▶ About this exercise:
Repeat the lines of the data exactly and exclude any picture among them.

▶ Data provided:
-*-

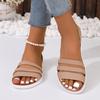 Summer New Style Fashionable and Comfortable Flat Beach Beach Sandals and Slippers Sports and Casual Women's Shoes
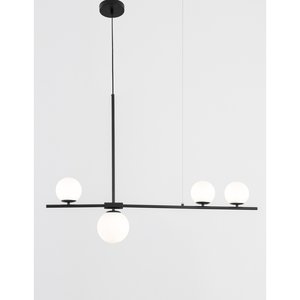 Nova Luce Hanglamp Impero  - 100 x 15 x 120 cm - zwart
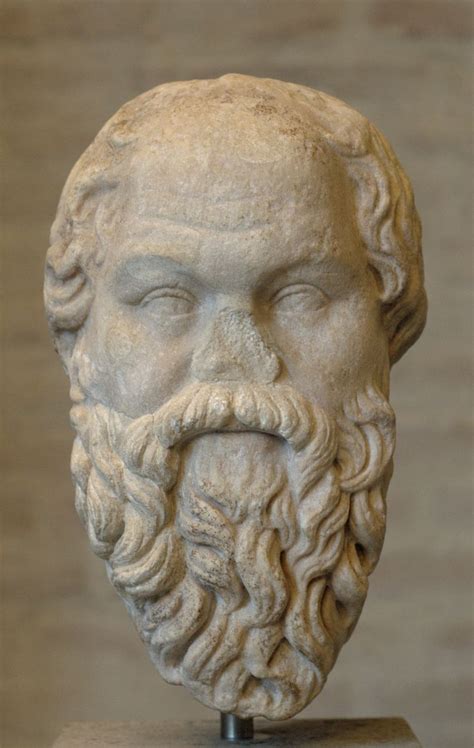 Head Of Socrates Ca 470399 Bc Roman Copy After A Greek Original By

-*-

▶ Written answer:
 Summer New Style Fashionable and Comfortable Flat Beach Beach Sandals and Slippers Sports and Casual Women's Shoes
 Nova Luce Hanglamp Impero  - 100 x 15 x 120 cm - zwart
 Head Of Socrates Ca 470399 Bc Roman Copy After A Greek Original By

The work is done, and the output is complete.